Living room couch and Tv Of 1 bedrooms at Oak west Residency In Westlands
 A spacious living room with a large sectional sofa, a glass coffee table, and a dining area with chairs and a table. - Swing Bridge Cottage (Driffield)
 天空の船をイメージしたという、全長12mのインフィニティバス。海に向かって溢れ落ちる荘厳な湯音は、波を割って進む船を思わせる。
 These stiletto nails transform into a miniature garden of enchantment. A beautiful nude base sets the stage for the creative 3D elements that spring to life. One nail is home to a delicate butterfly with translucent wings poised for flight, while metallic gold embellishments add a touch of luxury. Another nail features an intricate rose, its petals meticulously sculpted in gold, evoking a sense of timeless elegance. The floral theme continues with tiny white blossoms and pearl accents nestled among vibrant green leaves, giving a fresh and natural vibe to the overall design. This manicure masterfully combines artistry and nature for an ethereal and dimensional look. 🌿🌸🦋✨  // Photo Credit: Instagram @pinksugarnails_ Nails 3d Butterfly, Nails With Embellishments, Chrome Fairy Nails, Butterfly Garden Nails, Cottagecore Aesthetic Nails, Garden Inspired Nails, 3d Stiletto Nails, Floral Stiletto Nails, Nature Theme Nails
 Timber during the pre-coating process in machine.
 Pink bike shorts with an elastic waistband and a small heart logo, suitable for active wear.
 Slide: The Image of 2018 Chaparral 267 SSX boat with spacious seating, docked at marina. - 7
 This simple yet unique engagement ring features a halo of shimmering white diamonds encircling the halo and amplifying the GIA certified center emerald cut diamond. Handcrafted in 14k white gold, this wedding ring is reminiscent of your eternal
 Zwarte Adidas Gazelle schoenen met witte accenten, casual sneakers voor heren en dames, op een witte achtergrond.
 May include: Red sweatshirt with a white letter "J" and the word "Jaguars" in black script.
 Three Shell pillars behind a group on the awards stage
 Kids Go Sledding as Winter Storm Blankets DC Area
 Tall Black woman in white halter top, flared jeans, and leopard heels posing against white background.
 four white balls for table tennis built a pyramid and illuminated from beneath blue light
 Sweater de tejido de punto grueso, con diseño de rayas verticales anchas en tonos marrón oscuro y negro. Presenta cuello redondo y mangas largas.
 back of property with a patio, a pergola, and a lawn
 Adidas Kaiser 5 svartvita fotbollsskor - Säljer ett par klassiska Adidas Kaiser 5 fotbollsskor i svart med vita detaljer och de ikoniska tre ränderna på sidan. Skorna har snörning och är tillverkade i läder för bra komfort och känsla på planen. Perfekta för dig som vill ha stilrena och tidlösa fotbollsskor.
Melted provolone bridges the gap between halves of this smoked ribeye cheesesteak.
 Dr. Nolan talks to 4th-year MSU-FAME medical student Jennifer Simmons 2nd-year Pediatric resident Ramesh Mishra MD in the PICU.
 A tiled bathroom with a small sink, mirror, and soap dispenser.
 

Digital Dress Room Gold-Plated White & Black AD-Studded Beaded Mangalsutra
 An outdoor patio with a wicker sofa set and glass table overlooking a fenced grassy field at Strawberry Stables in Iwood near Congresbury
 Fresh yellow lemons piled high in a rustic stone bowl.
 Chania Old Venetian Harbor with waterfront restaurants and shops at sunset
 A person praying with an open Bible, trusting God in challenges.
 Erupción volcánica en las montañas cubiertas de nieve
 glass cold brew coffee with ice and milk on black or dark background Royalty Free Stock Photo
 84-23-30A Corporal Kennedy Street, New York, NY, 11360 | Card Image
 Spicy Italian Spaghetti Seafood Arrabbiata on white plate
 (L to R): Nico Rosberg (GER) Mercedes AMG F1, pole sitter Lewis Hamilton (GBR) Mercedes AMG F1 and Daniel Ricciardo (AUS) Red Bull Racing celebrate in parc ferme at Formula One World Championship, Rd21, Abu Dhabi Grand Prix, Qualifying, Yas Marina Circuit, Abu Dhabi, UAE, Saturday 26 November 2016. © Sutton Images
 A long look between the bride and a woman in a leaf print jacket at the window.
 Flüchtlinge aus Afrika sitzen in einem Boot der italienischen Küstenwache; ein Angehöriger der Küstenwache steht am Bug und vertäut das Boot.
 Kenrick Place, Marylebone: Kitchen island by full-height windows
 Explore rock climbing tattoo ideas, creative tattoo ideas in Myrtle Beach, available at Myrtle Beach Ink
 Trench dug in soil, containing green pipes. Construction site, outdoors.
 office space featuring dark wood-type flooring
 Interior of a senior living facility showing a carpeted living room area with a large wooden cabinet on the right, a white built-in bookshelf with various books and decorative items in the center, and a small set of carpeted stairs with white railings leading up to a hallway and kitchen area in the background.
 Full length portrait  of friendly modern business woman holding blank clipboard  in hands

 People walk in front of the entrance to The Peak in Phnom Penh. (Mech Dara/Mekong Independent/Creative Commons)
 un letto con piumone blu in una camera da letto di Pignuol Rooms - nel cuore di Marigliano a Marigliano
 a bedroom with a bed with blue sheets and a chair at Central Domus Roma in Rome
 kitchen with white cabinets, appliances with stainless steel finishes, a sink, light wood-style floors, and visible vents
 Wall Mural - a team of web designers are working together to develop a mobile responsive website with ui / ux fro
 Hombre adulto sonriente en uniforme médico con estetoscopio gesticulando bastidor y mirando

= = = = =

Once more, write out the records in full, exactly as they appear.

Living room couch and Tv Of 1 bedrooms at Oak west Residency In Westlands
 A spacious living room with a large sectional sofa, a glass coffee table, and a dining area with chairs and a table. - Swing Bridge Cottage (Driffield)
 天空の船をイメージしたという、全長12mのインフィニティバス。海に向かって溢れ落ちる荘厳な湯音は、波を割って進む船を思わせる。
 These stiletto nails transform into a miniature garden of enchantment. A beautiful nude base sets the stage for the creative 3D elements that spring to life. One nail is home to a delicate butterfly with translucent wings poised for flight, while metallic gold embellishments add a touch of luxury. Another nail features an intricate rose, its petals meticulously sculpted in gold, evoking a sense of timeless elegance. The floral theme continues with tiny white blossoms and pearl accents nestled among vibrant green leaves, giving a fresh and natural vibe to the overall design. This manicure masterfully combines artistry and nature for an ethereal and dimensional look. 🌿🌸🦋✨  // Photo Credit: Instagram @pinksugarnails_ Nails 3d Butterfly, Nails With Embellishments, Chrome Fairy Nails, Butterfly Garden Nails, Cottagecore Aesthetic Nails, Garden Inspired Nails, 3d Stiletto Nails, Floral Stiletto Nails, Nature Theme Nails
 Timber during the pre-coating process in machine.
 Pink bike shorts with an elastic waistband and a small heart logo, suitable for active wear.
 Slide: The Image of 2018 Chaparral 267 SSX boat with spacious seating, docked at marina. - 7
 This simple yet unique engagement ring features a halo of shimmering white diamonds encircling the halo and amplifying the GIA certified center emerald cut diamond. Handcrafted in 14k white gold, this wedding ring is reminiscent of your eternal
 Zwarte Adidas Gazelle schoenen met witte accenten, casual sneakers voor heren en dames, op een witte achtergrond.
 May include: Red sweatshirt with a white letter "J" and the word "Jaguars" in black script.
 Three Shell pillars behind a group on the awards stage
 Kids Go Sledding as Winter Storm Blankets DC Area
 Tall Black woman in white halter top, flared jeans, and leopard heels posing against white background.
 four white balls for table tennis built a pyramid and illuminated from beneath blue light
 Sweater de tejido de punto grueso, con diseño de rayas verticales anchas en tonos marrón oscuro y negro. Presenta cuello redondo y mangas largas.
 back of property with a patio, a pergola, and a lawn
 Adidas Kaiser 5 svartvita fotbollsskor - Säljer ett par klassiska Adidas Kaiser 5 fotbollsskor i svart med vita detaljer och de ikoniska tre ränderna på sidan. Skorna har snörning och är tillverkade i läder för bra komfort och känsla på planen. Perfekta för dig som vill ha stilrena och tidlösa fotbollsskor.
Melted provolone bridges the gap between halves of this smoked ribeye cheesesteak.
 Dr. Nolan talks to 4th-year MSU-FAME medical student Jennifer Simmons 2nd-year Pediatric resident Ramesh Mishra MD in the PICU.
 A tiled bathroom with a small sink, mirror, and soap dispenser.
 

Digital Dress Room Gold-Plated White & Black AD-Studded Beaded Mangalsutra
 An outdoor patio with a wicker sofa set and glass table overlooking a fenced grassy field at Strawberry Stables in Iwood near Congresbury
 Fresh yellow lemons piled high in a rustic stone bowl.
 Chania Old Venetian Harbor with waterfront restaurants and shops at sunset
 A person praying with an open Bible, trusting God in challenges.
 Erupción volcánica en las montañas cubiertas de nieve
 glass cold brew coffee with ice and milk on black or dark background Royalty Free Stock Photo
 84-23-30A Corporal Kennedy Street, New York, NY, 11360 | Card Image
 Spicy Italian Spaghetti Seafood Arrabbiata on white plate
 (L to R): Nico Rosberg (GER) Mercedes AMG F1, pole sitter Lewis Hamilton (GBR) Mercedes AMG F1 and Daniel Ricciardo (AUS) Red Bull Racing celebrate in parc ferme at Formula One World Championship, Rd21, Abu Dhabi Grand Prix, Qualifying, Yas Marina Circuit, Abu Dhabi, UAE, Saturday 26 November 2016. © Sutton Images
 A long look between the bride and a woman in a leaf print jacket at the window.
 Flüchtlinge aus Afrika sitzen in einem Boot der italienischen Küstenwache; ein Angehöriger der Küstenwache steht am Bug und vertäut das Boot.
 Kenrick Place, Marylebone: Kitchen island by full-height windows
 Explore rock climbing tattoo ideas, creative tattoo ideas in Myrtle Beach, available at Myrtle Beach Ink
 Trench dug in soil, containing green pipes. Construction site, outdoors.
 office space featuring dark wood-type flooring
 Interior of a senior living facility showing a carpeted living room area with a large wooden cabinet on the right, a white built-in bookshelf with various books and decorative items in the center, and a small set of carpeted stairs with white railings leading up to a hallway and kitchen area in the background.
 Full length portrait  of friendly modern business woman holding blank clipboard  in hands

 People walk in front of the entrance to The Peak in Phnom Penh. (Mech Dara/Mekong Independent/Creative Commons)
 un letto con piumone blu in una camera da letto di Pignuol Rooms - nel cuore di Marigliano a Marigliano
 a bedroom with a bed with blue sheets and a chair at Central Domus Roma in Rome
 kitchen with white cabinets, appliances with stainless steel finishes, a sink, light wood-style floors, and visible vents
 Wall Mural - a team of web designers are working together to develop a mobile responsive website with ui / ux fro
 Hombre adulto sonriente en uniforme médico con estetoscopio gesticulando bastidor y mirando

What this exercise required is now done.